La pelle tirava e bruciava come fuoco vivo. Si sentì incredibilmente leggera, tutte le brutte sensazioni causate da quella giornata orribile e senza senso e dall'incubo scorrevano via assieme al sangue, che gocciolava pigro sul piatto doccia. Quella sensazione di benessere, di avere il controllo su se stessa, unita all'effetto calmante del Trilafon, non sarebbe durata a lungo, lo sapeva, ma voleva godersela fino alla fine. Ci era ricascata, ma al momento non le importava. Guardò i punti nei quali la lama aveva inciso con rabbia la sua carne, i contorni delle ferite talmente precisi da far quasi paura. Non pensava più a Buddy e alla sua morte, né a quanto questa la facesse soffrire. Ma forse era vero. Nonostante si fosse ripresa e i suoi fan credessero che aveva superato i suoi brutti momenti, con i disturbi alimentari e l'autolesionismo, non era del tutto così e, anche se stava meglio, magari non meritava nulla di buono dalla vita. L'unica cosa che sapeva di meritare era quel dolore.
Ma che sto dicendo? Ragiono così perché mi sento male, ma in realtà so che non è vero.

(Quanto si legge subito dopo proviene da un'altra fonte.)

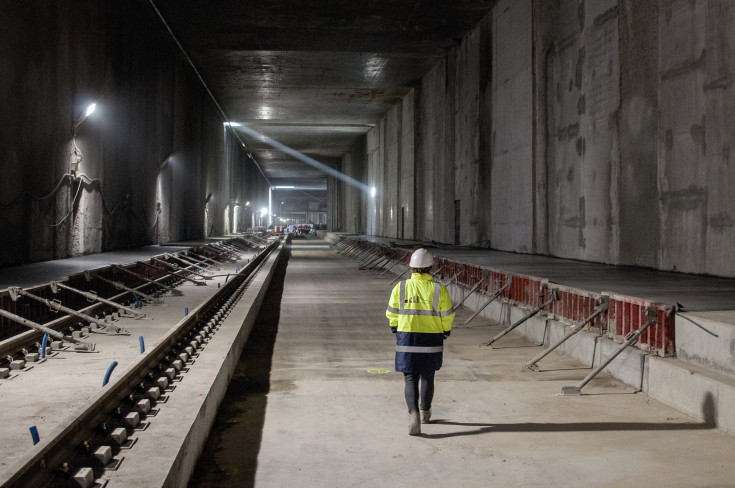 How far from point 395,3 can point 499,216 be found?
7472 millimetres

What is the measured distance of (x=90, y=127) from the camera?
731 inches

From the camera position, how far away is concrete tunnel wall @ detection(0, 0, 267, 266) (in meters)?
14.0

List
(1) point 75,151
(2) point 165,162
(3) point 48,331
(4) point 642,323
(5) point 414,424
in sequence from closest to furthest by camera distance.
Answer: (5) point 414,424 < (4) point 642,323 < (3) point 48,331 < (1) point 75,151 < (2) point 165,162

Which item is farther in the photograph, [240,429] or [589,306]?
[589,306]

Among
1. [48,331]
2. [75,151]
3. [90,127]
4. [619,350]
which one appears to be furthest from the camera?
[90,127]

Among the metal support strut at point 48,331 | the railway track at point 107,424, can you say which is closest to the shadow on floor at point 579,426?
the railway track at point 107,424

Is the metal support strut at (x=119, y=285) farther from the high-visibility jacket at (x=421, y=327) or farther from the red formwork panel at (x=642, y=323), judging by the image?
the red formwork panel at (x=642, y=323)

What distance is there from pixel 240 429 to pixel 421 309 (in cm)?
177

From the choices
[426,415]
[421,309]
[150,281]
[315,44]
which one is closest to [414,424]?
[426,415]

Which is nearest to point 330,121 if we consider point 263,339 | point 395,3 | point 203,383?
point 395,3

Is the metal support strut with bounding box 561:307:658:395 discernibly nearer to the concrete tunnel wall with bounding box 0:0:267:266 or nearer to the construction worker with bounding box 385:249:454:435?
the construction worker with bounding box 385:249:454:435

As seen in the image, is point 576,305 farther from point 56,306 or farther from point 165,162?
point 165,162

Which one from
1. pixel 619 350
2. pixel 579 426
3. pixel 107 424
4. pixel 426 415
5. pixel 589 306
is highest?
pixel 589 306

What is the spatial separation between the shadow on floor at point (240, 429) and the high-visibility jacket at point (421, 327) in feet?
4.39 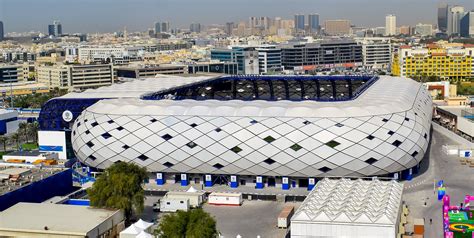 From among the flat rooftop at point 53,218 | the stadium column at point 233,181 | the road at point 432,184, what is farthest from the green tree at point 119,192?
the road at point 432,184

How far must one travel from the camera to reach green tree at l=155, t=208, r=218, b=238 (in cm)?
2136

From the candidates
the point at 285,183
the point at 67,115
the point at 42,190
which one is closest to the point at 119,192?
the point at 42,190

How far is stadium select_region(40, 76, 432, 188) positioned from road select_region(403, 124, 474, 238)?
1.13 metres

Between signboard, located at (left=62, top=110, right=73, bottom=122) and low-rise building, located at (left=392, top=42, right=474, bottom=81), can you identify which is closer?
signboard, located at (left=62, top=110, right=73, bottom=122)

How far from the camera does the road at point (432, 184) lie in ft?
93.2

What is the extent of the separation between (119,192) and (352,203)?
360 inches

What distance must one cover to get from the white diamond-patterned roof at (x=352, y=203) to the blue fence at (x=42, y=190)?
38.6 ft

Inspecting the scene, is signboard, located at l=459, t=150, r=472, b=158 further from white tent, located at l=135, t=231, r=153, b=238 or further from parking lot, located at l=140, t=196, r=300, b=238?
white tent, located at l=135, t=231, r=153, b=238

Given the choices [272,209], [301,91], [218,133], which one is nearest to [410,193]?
[272,209]

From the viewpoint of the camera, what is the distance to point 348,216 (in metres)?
23.3

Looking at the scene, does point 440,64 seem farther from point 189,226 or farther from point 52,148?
point 189,226

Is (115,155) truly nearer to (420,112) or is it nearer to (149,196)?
(149,196)

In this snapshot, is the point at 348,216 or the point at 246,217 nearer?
the point at 348,216

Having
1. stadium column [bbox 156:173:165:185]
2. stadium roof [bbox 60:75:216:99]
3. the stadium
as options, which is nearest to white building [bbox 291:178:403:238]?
the stadium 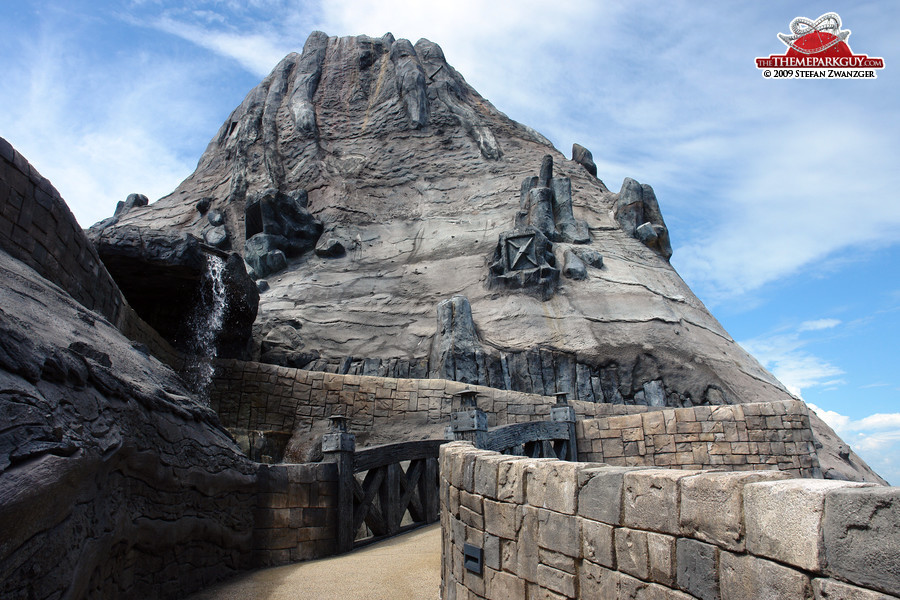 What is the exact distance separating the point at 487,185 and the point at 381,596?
25880 millimetres

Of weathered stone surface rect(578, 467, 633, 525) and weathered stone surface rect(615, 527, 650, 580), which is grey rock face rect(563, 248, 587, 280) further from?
weathered stone surface rect(615, 527, 650, 580)

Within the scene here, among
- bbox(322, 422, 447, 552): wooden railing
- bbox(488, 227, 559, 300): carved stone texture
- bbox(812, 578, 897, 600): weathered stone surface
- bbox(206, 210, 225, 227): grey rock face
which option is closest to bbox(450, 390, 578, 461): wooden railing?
bbox(322, 422, 447, 552): wooden railing

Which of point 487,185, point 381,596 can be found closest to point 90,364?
point 381,596

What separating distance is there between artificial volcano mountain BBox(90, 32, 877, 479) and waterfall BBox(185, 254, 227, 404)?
133cm

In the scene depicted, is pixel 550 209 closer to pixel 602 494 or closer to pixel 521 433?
pixel 521 433

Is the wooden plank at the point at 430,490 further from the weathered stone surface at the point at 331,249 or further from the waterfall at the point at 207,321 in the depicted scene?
the weathered stone surface at the point at 331,249

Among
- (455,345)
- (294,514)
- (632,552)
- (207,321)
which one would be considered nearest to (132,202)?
(207,321)

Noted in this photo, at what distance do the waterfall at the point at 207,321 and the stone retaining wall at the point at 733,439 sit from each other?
30.6ft

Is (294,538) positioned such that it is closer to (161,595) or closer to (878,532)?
(161,595)

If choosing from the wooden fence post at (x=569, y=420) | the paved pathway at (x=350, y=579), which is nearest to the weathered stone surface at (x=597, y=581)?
the paved pathway at (x=350, y=579)

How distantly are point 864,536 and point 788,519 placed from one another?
251 mm

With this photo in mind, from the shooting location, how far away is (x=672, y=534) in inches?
94.9

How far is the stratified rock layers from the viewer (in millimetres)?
18984

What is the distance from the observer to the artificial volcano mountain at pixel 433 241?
18703 mm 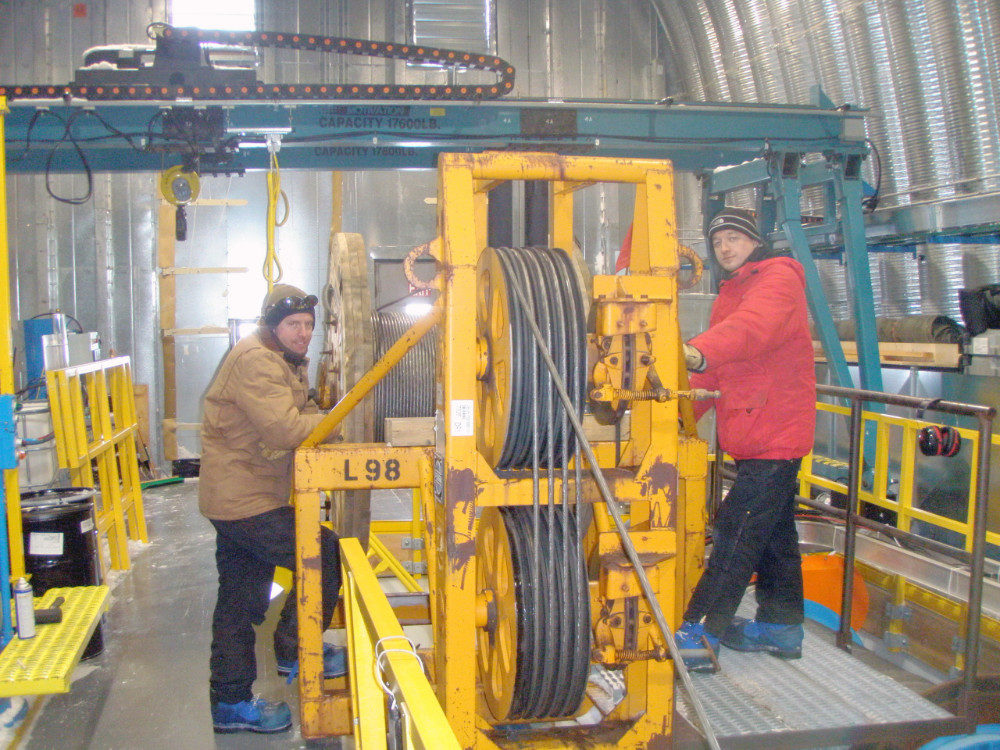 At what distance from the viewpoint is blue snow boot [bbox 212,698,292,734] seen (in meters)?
3.85

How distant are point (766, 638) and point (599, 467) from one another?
1898 millimetres

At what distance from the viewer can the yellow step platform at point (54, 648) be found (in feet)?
12.1

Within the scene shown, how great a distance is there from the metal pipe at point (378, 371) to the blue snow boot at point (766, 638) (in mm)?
2170

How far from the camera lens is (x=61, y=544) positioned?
500cm

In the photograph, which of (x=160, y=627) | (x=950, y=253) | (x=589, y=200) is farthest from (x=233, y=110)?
(x=589, y=200)

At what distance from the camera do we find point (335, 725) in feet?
12.3

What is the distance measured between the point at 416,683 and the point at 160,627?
425cm

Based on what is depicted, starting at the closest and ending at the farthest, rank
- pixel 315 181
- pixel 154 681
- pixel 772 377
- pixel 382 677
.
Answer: pixel 382 677 < pixel 772 377 < pixel 154 681 < pixel 315 181

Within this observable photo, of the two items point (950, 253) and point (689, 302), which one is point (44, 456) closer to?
point (689, 302)

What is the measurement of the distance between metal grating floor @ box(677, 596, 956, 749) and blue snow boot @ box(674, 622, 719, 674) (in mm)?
47

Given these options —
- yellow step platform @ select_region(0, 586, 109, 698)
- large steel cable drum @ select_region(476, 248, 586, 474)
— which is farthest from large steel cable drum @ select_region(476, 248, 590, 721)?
yellow step platform @ select_region(0, 586, 109, 698)

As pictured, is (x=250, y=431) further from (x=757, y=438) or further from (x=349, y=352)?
(x=757, y=438)

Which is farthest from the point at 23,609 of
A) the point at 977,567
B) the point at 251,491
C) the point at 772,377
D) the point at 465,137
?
the point at 977,567

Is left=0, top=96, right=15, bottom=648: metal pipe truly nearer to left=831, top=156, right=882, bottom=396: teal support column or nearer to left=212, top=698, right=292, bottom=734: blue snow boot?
left=212, top=698, right=292, bottom=734: blue snow boot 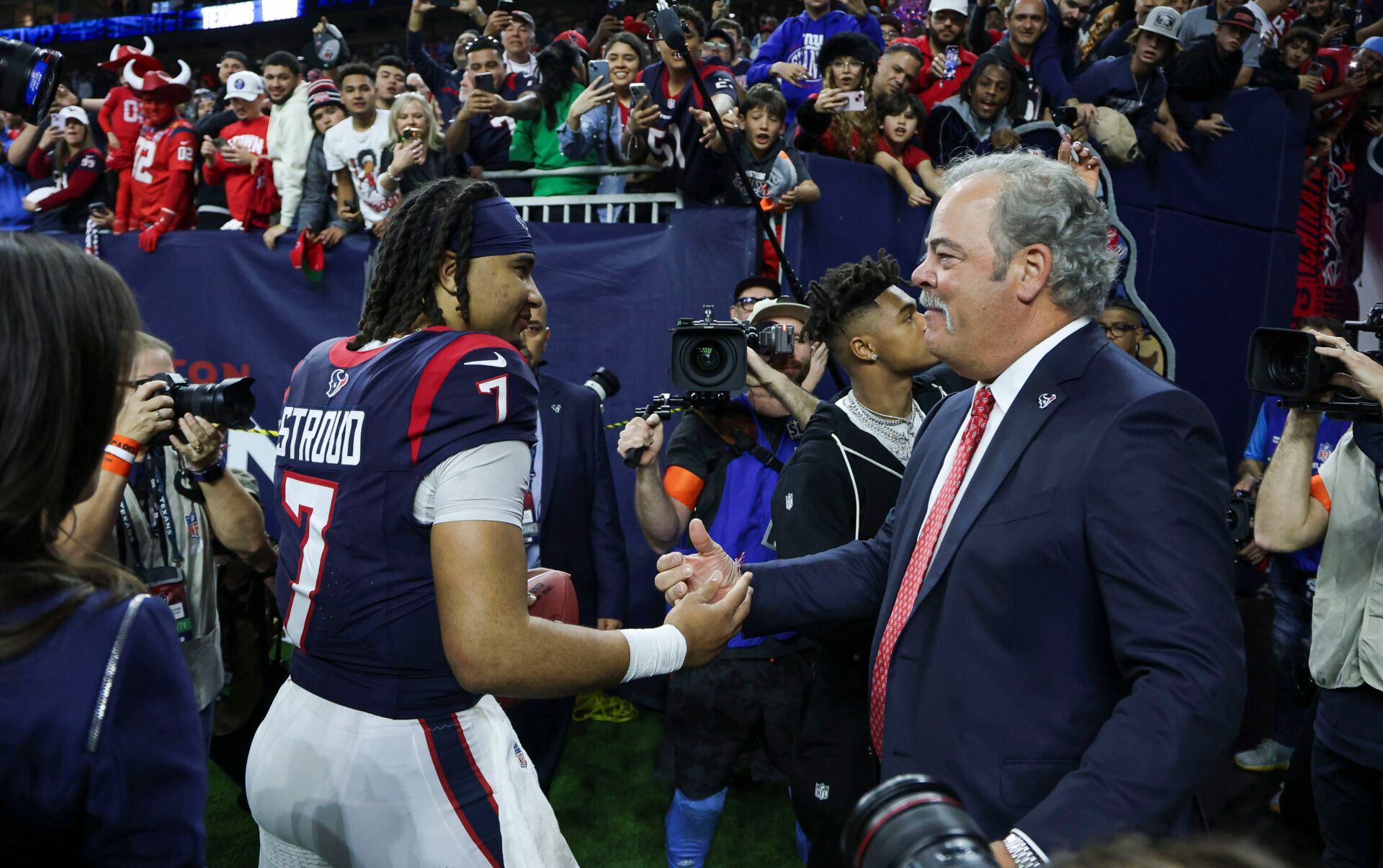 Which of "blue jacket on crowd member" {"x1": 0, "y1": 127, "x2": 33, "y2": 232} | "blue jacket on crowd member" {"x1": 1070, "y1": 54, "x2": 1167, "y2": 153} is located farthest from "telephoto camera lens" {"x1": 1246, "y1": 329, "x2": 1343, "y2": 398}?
"blue jacket on crowd member" {"x1": 0, "y1": 127, "x2": 33, "y2": 232}

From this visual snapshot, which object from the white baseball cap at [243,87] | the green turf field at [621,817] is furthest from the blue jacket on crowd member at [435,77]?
the green turf field at [621,817]

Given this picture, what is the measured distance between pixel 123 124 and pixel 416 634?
8.61 meters

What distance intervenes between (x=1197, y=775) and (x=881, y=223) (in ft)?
15.2

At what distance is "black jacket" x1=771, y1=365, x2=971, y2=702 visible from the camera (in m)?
3.12

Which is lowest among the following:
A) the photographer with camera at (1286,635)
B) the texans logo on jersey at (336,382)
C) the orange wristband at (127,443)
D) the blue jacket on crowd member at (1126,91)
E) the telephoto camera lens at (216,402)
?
the photographer with camera at (1286,635)

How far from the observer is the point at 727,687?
399 cm

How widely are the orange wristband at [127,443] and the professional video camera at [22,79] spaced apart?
862mm

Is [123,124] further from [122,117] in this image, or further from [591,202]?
[591,202]

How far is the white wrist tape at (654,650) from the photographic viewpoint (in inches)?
82.0

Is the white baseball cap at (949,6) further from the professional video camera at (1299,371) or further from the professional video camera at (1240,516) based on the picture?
the professional video camera at (1299,371)

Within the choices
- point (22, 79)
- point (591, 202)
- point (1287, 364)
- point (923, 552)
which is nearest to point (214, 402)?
point (22, 79)

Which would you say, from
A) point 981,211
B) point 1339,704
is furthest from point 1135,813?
point 1339,704

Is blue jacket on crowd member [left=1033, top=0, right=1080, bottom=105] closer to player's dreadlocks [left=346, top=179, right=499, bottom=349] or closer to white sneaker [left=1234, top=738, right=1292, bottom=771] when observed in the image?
white sneaker [left=1234, top=738, right=1292, bottom=771]

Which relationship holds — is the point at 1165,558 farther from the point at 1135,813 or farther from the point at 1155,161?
the point at 1155,161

La sua vita poteva essere meravigliosa, solo che in quel momento non vedeva altro che sofferenza intorno a sé. Non capiva più a cosa stava pensando, in che direzione la sua mente volesse portarla. Respirò a pieni polmoni per tranquillizzarsi del tutto e, quando fu sicura di essere tranquilla, si alzò. La sensazione di leggerezza era scomparsa. Respirò l'odore nauseabondo del sangue mentre una profonda stanchezza la invadeva. Si inginocchiò, per un momento, lasciando che una vertigine passasse e immergendo le mani nel sangue. Ce n'era ovunque. Le sue mani, le braccia, le gambe, forse persino il suo viso ne erano ricoperti.
Sospirò, chiuse le porte della doccia e aprì l'acqua. Il getto caldo sulle ferite le fece bruciare ancora di più, soprattutto quando si lavò con il bagnoschiuma. Il rosso del sangue sparì nello scarico. Demi rimase sotto il getto d'acqua per qualche altro minuto, poi uscì, si mise del Neosporin sulle braccia, una crema che serviva a proteggere da punture di insetti e tagli. Era antisettica, l'avrebbe aiutata. Aspettò che si asciugasse, poi ci passò del disinfettante. Si avvolse attorno al braccio una garza. Sapeva che i tagli si sarebbero sgonfiati il giorno dopo e che per un po' avrebbero fatto male e prurito, soprattutto una volta che si fossero formate le croste.
Si asciugò i capelli mentre le ultime forze la abbandonavano, poi andò a letto e sprofondò nel cuscino e sotto il piumino. Batman la raggiunse e le si sdraiò accanto, mentre un senso di debolezza le fece quasi rivoltare lo stomaco. I pensieri su Buddy erano tornati, forti e imperanti, a tormentarla. Avrebbe solo voluto avere anche lui vicino.
"Ciao, piccolo" disse a Batman, accarezzandogli la testa e la schiena.
Lui le leccò la faccia e la fece sorridere.
"Ho fatto una cosa brutta" sussurrò ancora la ragazza, mentre i suoi occhi minacciavano di chiudersi.
Lui abbaiò, come per chiederle di cosa si trattava.
"Non importa, ma spero di non farlo mai più. Ne parlerò con le mie terapiste quando ci andrò."
Triste e stanca, Demi cadde in un sonno profondo e senza sogni.